TASK BRIEF ::
From the line containing "Triste escultura en" through the last line of the entries, output the text exactly. Pictures stay out.

○ ○ ○ ○ ○

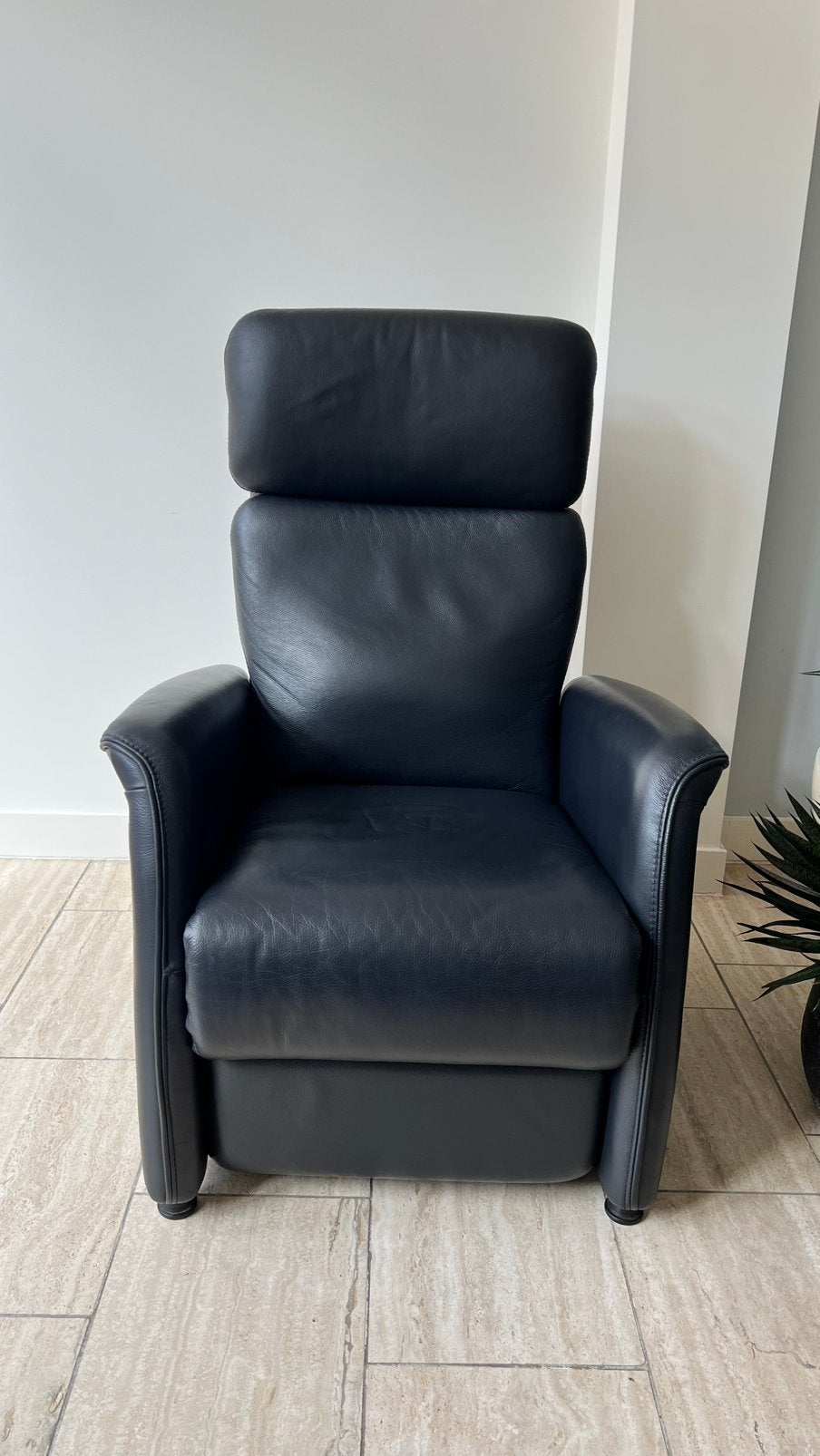 Elektrische Prominent sta-op stoel / fauteuil leer, Huis en Inrichting, Ophalen, Gebruikt, Leer, 50 tot 75 cm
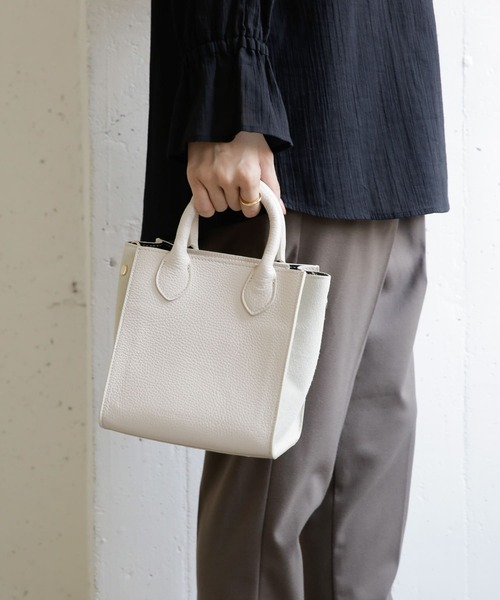 URBAN RESEARCH DOORS（アーバンリサーチドアーズ）の「MARCO BIANCHINI　2way キューブショルダーバッグ（ショルダーバッグ・レディース・ブラック/オフホワイト/ライトブラウン・FREE）」の4枚目の写真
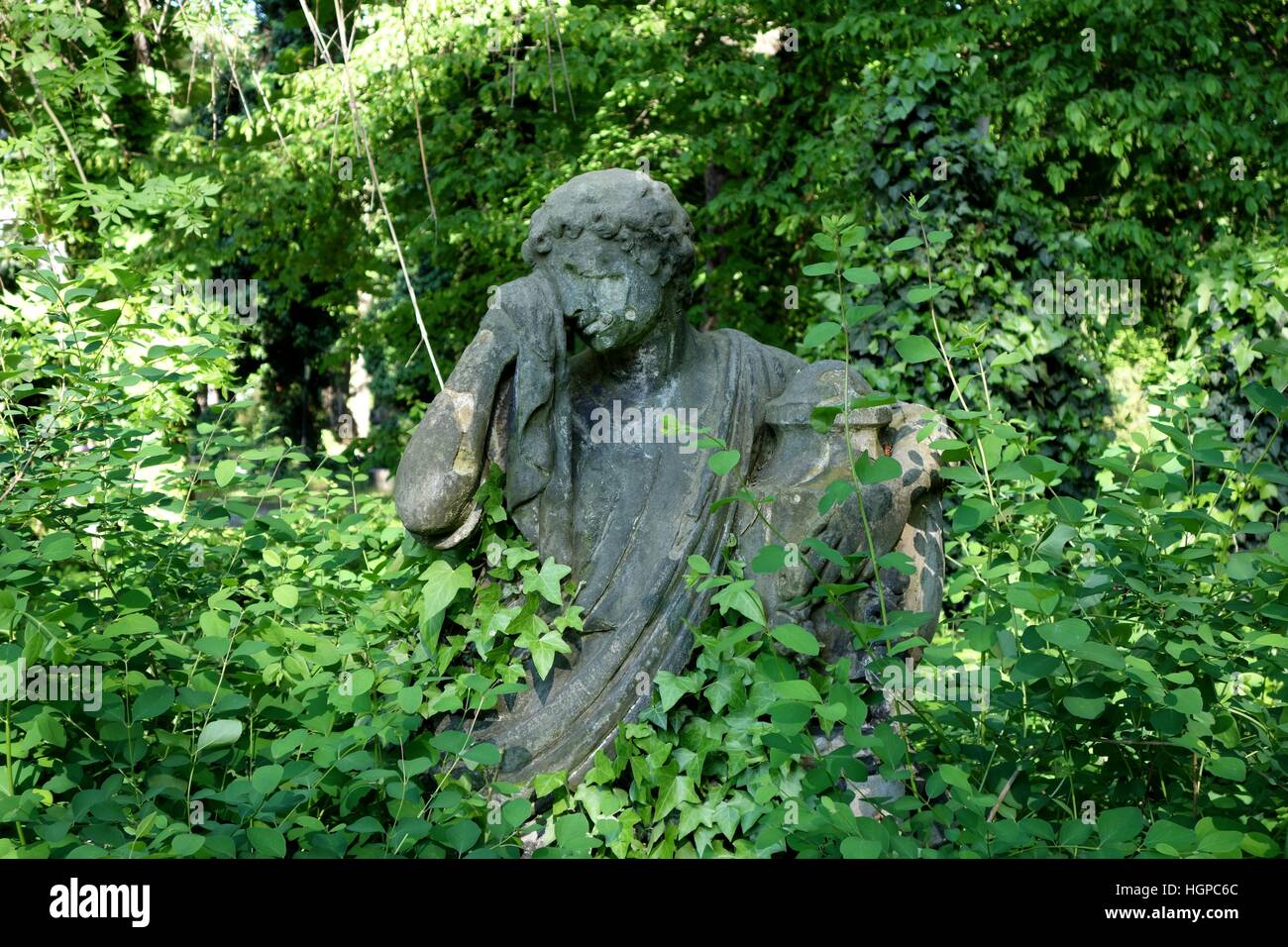Triste escultura en Olšany, el cementerio de Praga Foto de stock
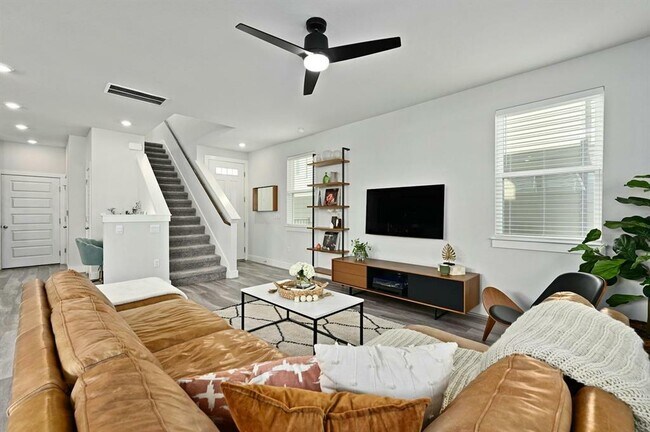 Building Photo - 7318 Harmony Shoals Bnd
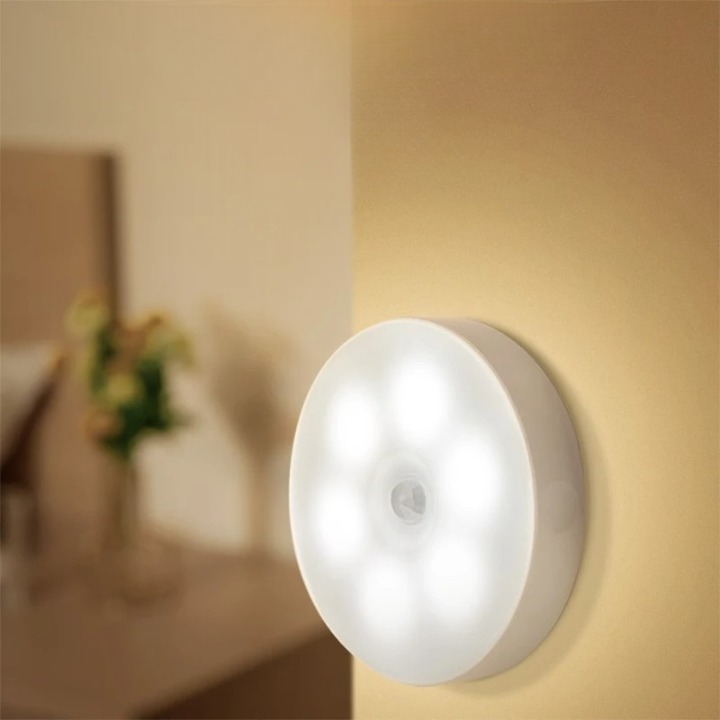Bezprzewodowa lampa LED na baterie, z samoprzylepnym montażem. Energooszczędna do domu.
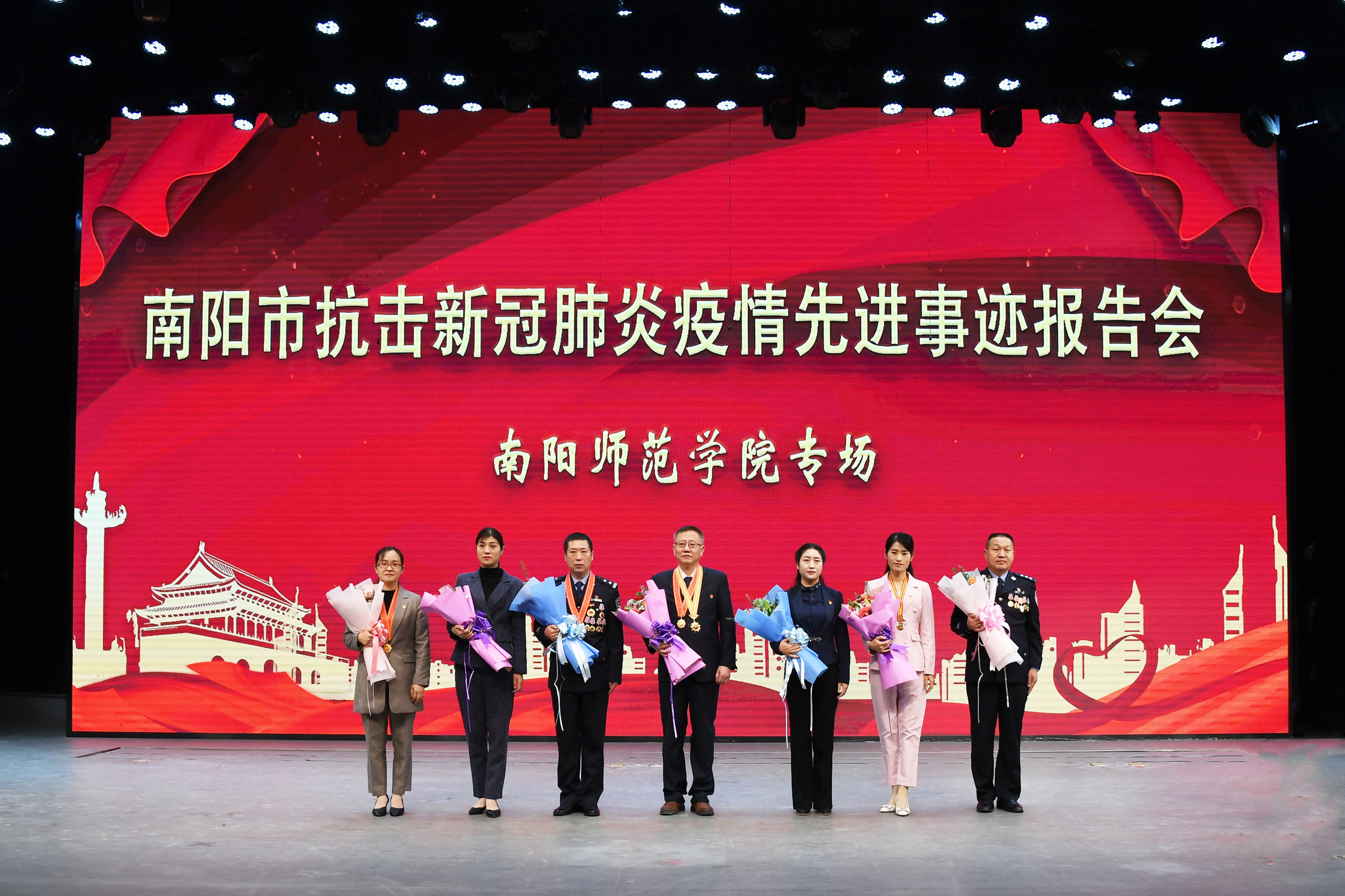 4报告团成员.jpg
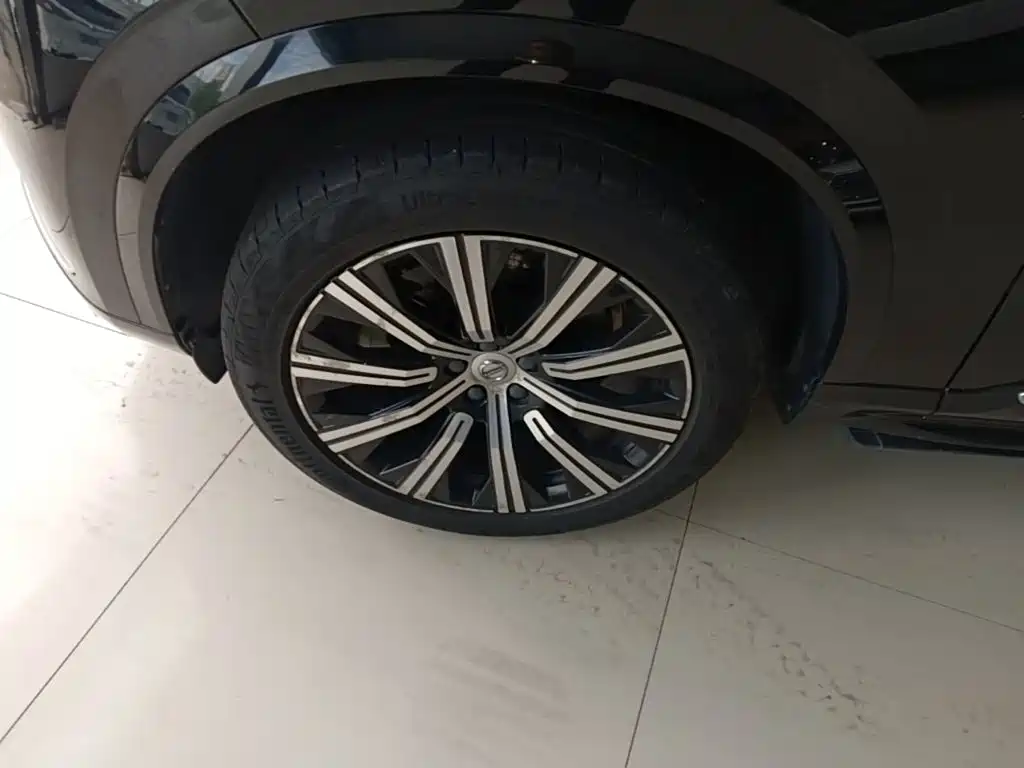 Volvo XC90 — миниатюра 23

○ ○ ○ ○ ○

THE ANSWER ::
Triste escultura en Olšany, el cementerio de Praga Foto de stock
 Building Photo - 7318 Harmony Shoals Bnd
Bezprzewodowa lampa LED na baterie, z samoprzylepnym montażem. Energooszczędna do domu.
 4报告团成员.jpg
 Volvo XC90 — миниатюра 23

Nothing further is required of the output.